START Material shown
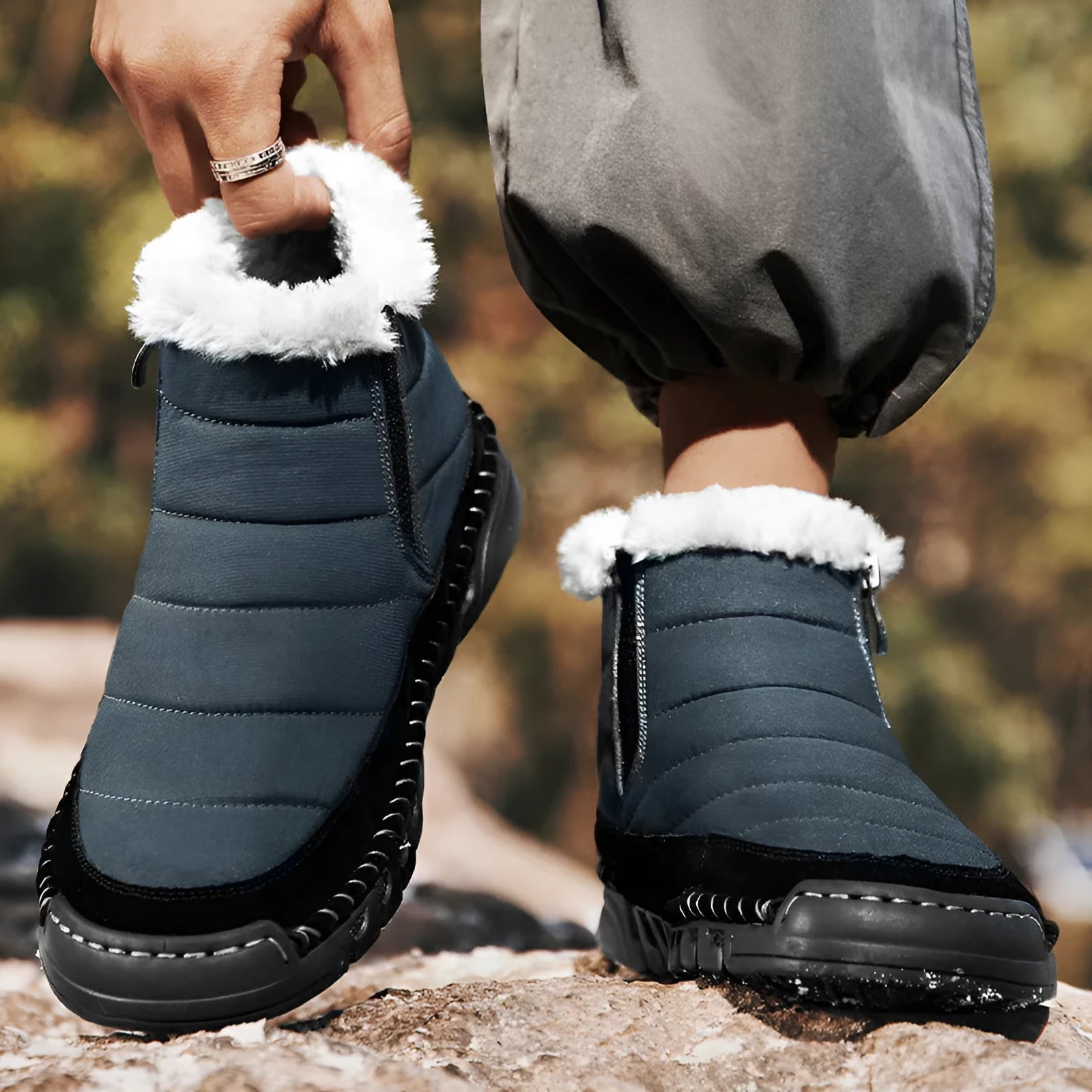 Men's plus size snow boot in blue with round toe and flat heel on a non-slip rubber sole.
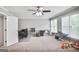 Spacious bonus room with carpet, multiple windows, and ceiling fan at 4818 Moon Hollow Ct, Buford, GA 30519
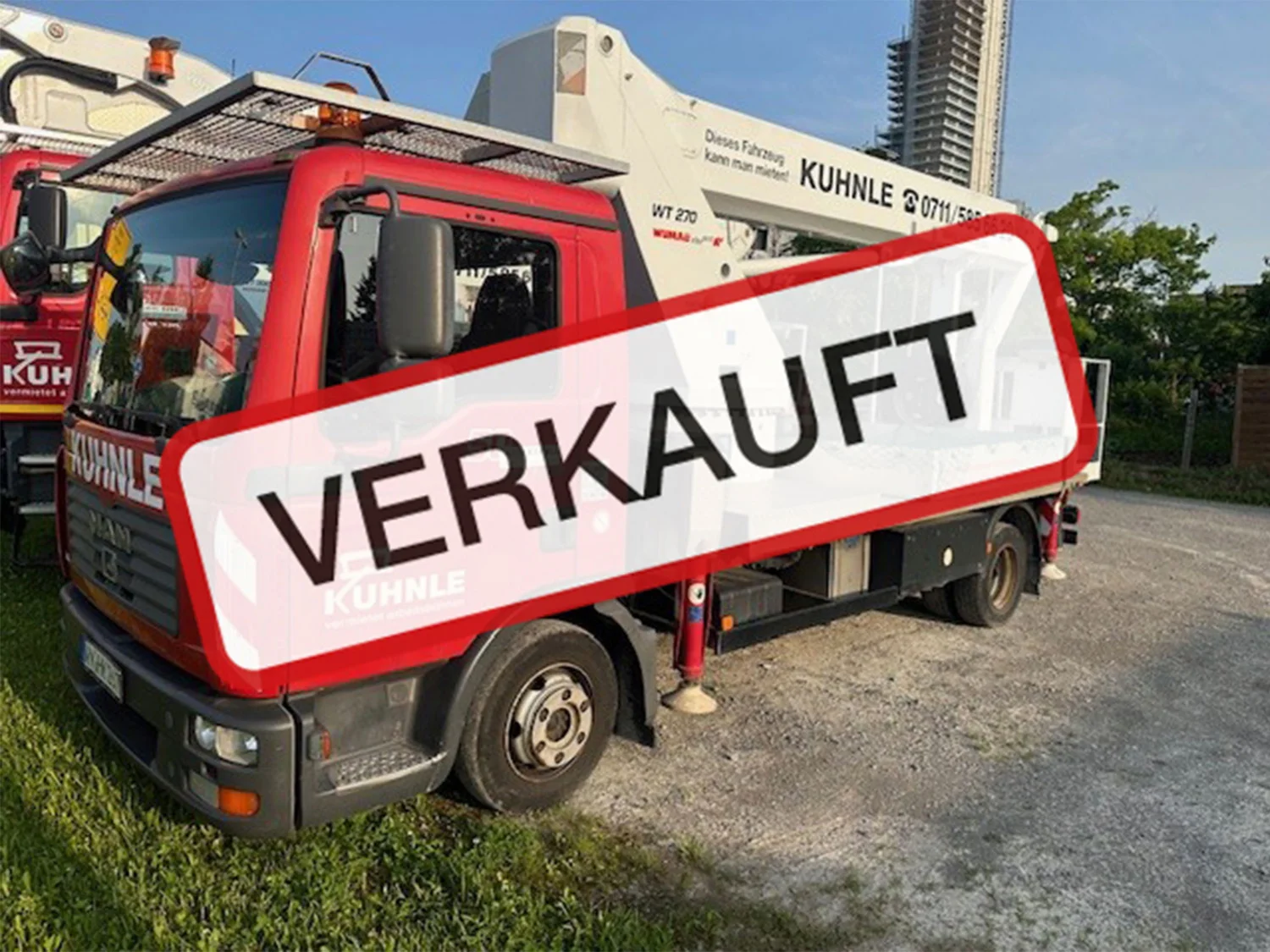 Arbeitsbühne teils auf Wiese und Straße geparkt, "Verkauft"-Text darüber.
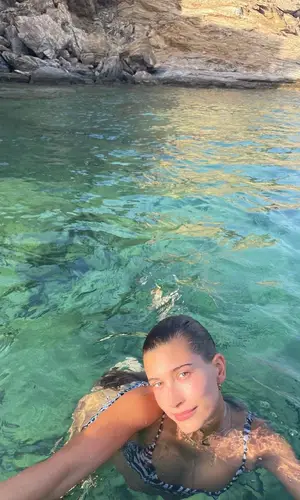 Hailey Bieber wearing The Attico swimwear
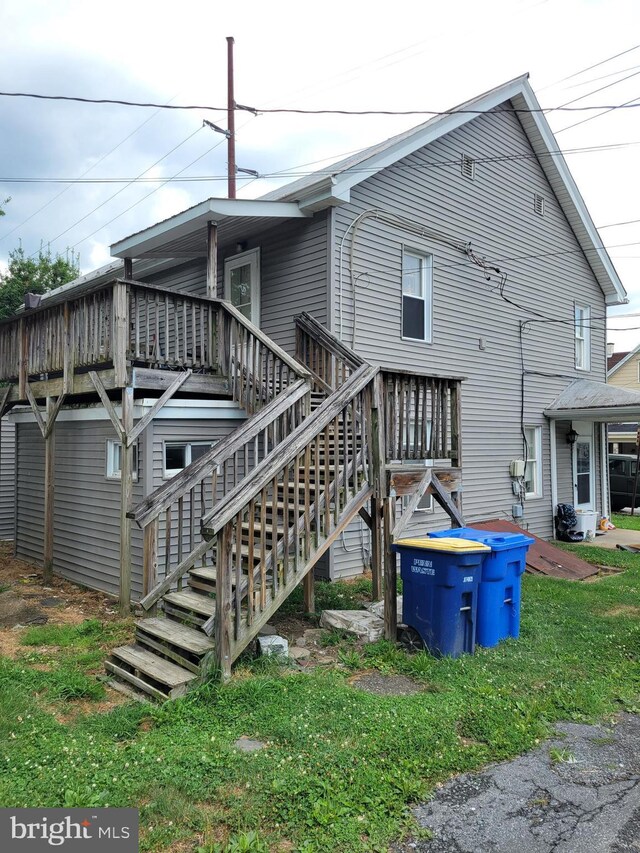 rear view of house featuring a wooden deck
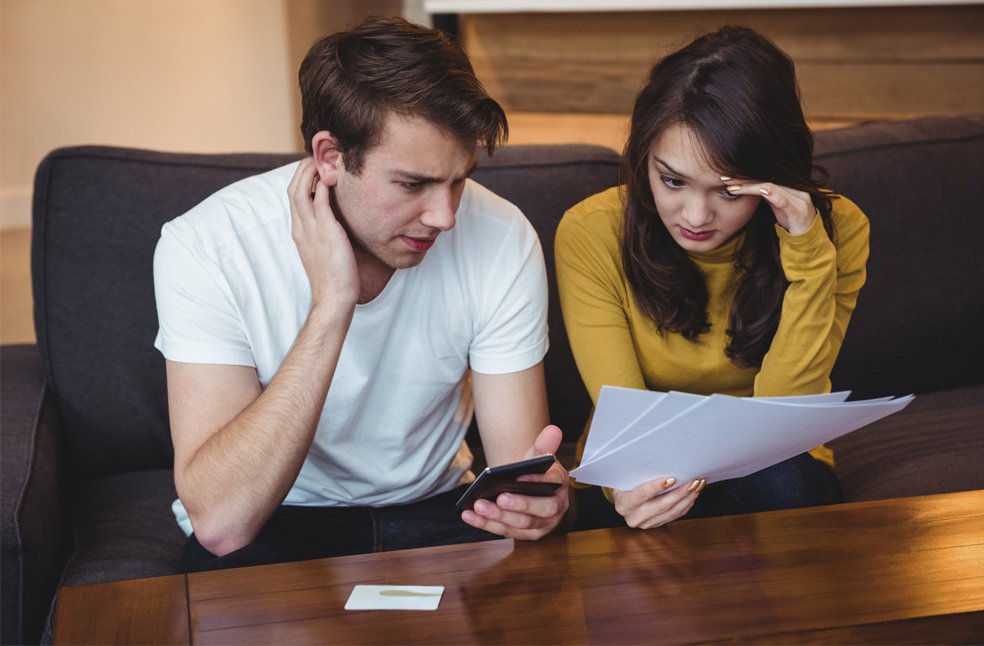 Students sitting on a sofa discussing financial documents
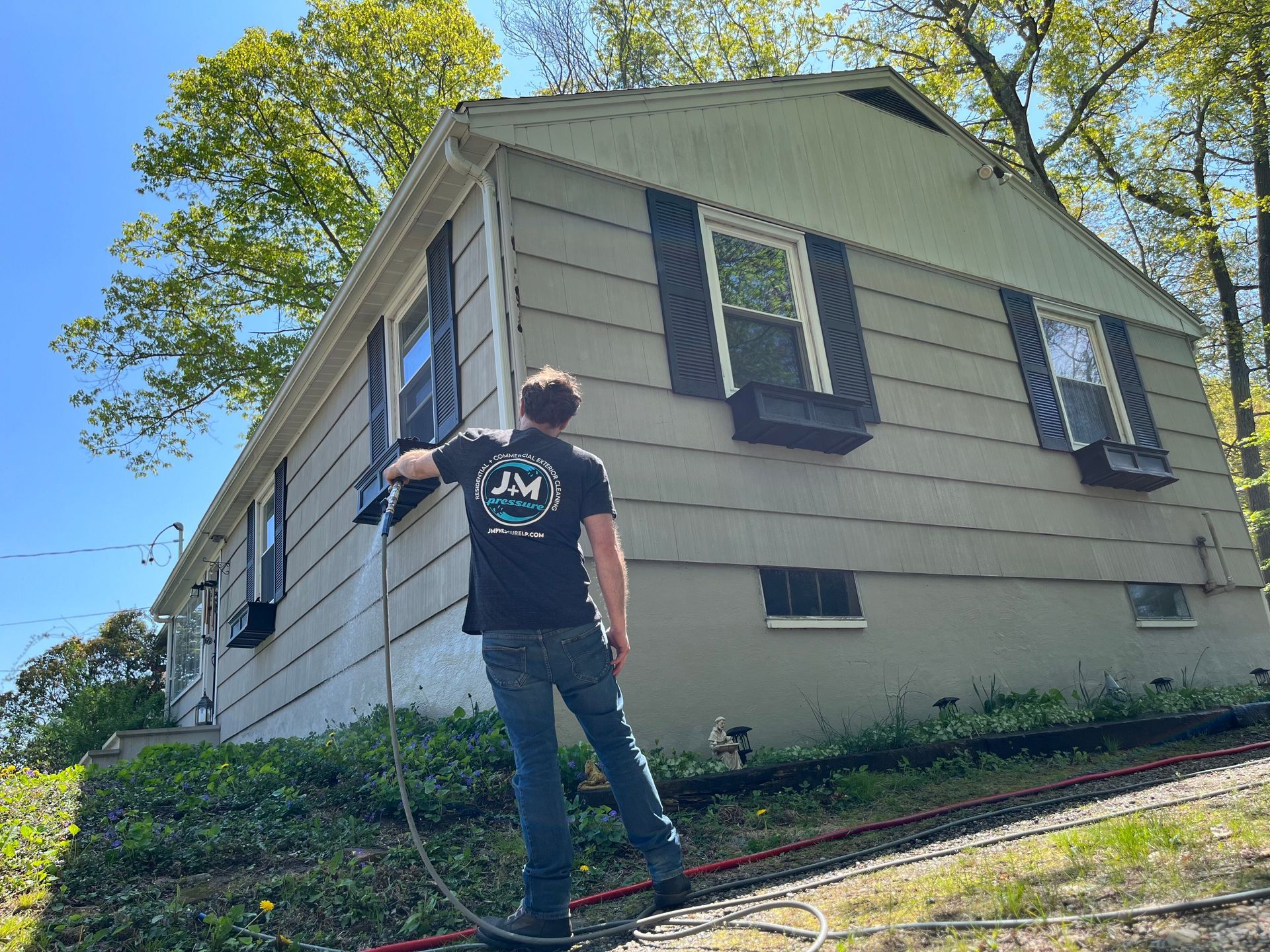 Person stands outside a house, pointing at the roof and window shutters on a sunny day.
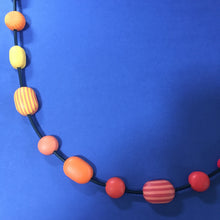 Load image into Gallery viewer, Comfits necklace in red, pink, orange and yellow contemporary necklace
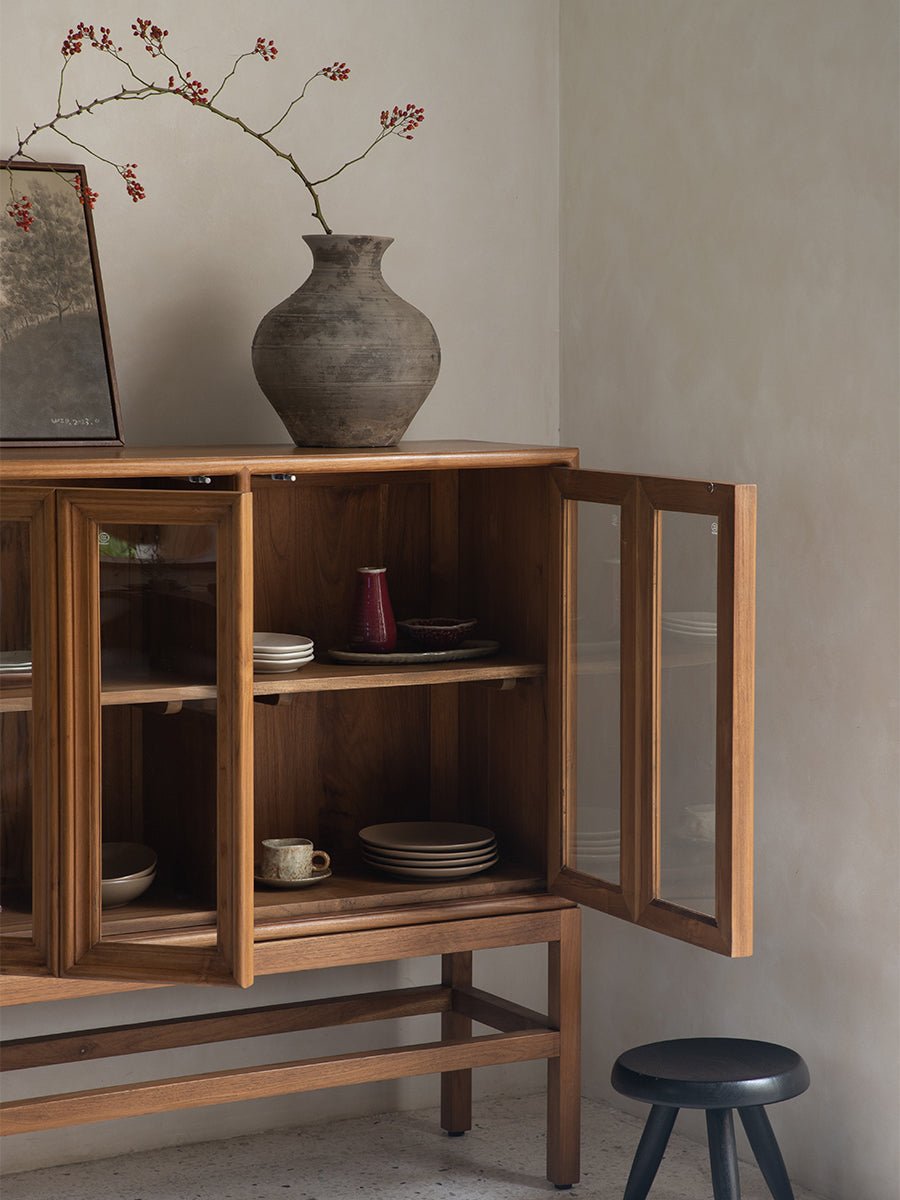 Teak wood stilt cabinet with glass doors, displaying tableware, elegant dining room storage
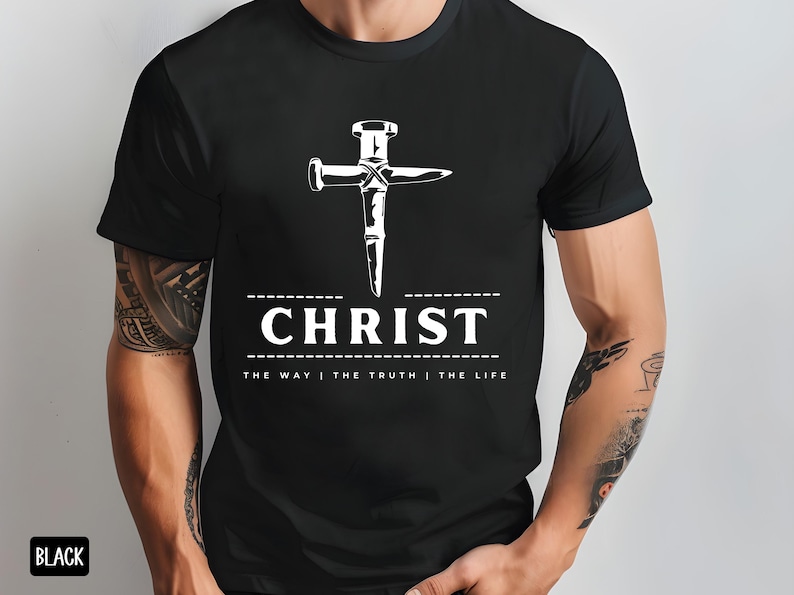 May include: Black t-shirt with a white graphic of a nail hammered into a cross. The text "CHRIST" is below the cross with the phrase "THE WAY | THE TRUTH | THE LIFE" underneath.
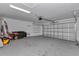 This garage offers a large amount of open space and shelving on the left wall at 13787 Sw 43Rd Cir, Ocala, FL 34473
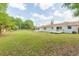 Large grassy backyard with a view of a white home at 3502 Bloomingdale Ave, Valrico, FL 33596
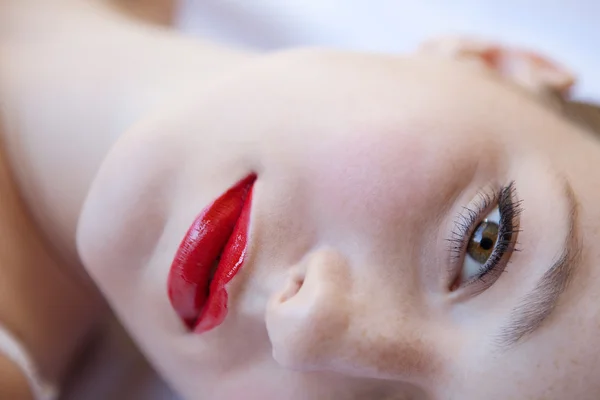 Sexy girl laying on a bed — Stock Photo, Image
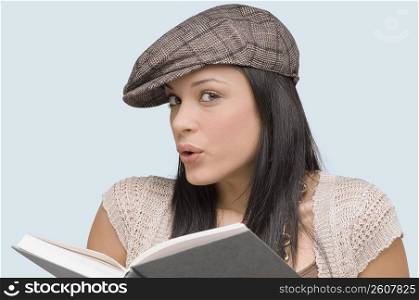 Portrait of a young woman whistling with a book in front of her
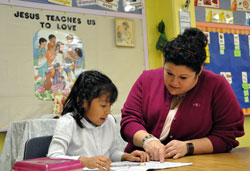 Sarah Watson, principal of the consolidated St. Michael and St. Gabriel elementary schools in Indianapolis, helps kindergartner Mia Rodriguez with an assignment in teacher Lisa Zetzl&rsquo;s class on Jan. 12 at the Indianapolis West Deanery school. (Photo by Mary Ann Garber)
END Material shown
*Required action*:
With images left out, the data must be transcribed exactly.

*The answer*:
 Men's plus size snow boot in blue with round toe and flat heel on a non-slip rubber sole.
 Spacious bonus room with carpet, multiple windows, and ceiling fan at 4818 Moon Hollow Ct, Buford, GA 30519
 Arbeitsbühne teils auf Wiese und Straße geparkt, "Verkauft"-Text darüber.
 Hailey Bieber wearing The Attico swimwear
 rear view of house featuring a wooden deck
 Students sitting on a sofa discussing financial documents
 Person stands outside a house, pointing at the roof and window shutters on a sunny day.
 Load image into Gallery viewer, Comfits necklace in red, pink, orange and yellow contemporary necklace
 Teak wood stilt cabinet with glass doors, displaying tableware, elegant dining room storage
 May include: Black t-shirt with a white graphic of a nail hammered into a cross. The text "CHRIST" is below the cross with the phrase "THE WAY | THE TRUTH | THE LIFE" underneath.
 This garage offers a large amount of open space and shelving on the left wall at 13787 Sw 43Rd Cir, Ocala, FL 34473
 Large grassy backyard with a view of a white home at 3502 Bloomingdale Ave, Valrico, FL 33596
 Sexy girl laying on a bed — Stock Photo, Image
 Portrait of a young woman whistling with a book in front of her
 Sarah Watson, principal of the consolidated St. Michael and St. Gabriel elementary schools in Indianapolis, helps kindergartner Mia Rodriguez with an assignment in teacher Lisa Zetzl&rsquo;s class on Jan. 12 at the Indianapolis West Deanery school. (Photo by Mary Ann Garber)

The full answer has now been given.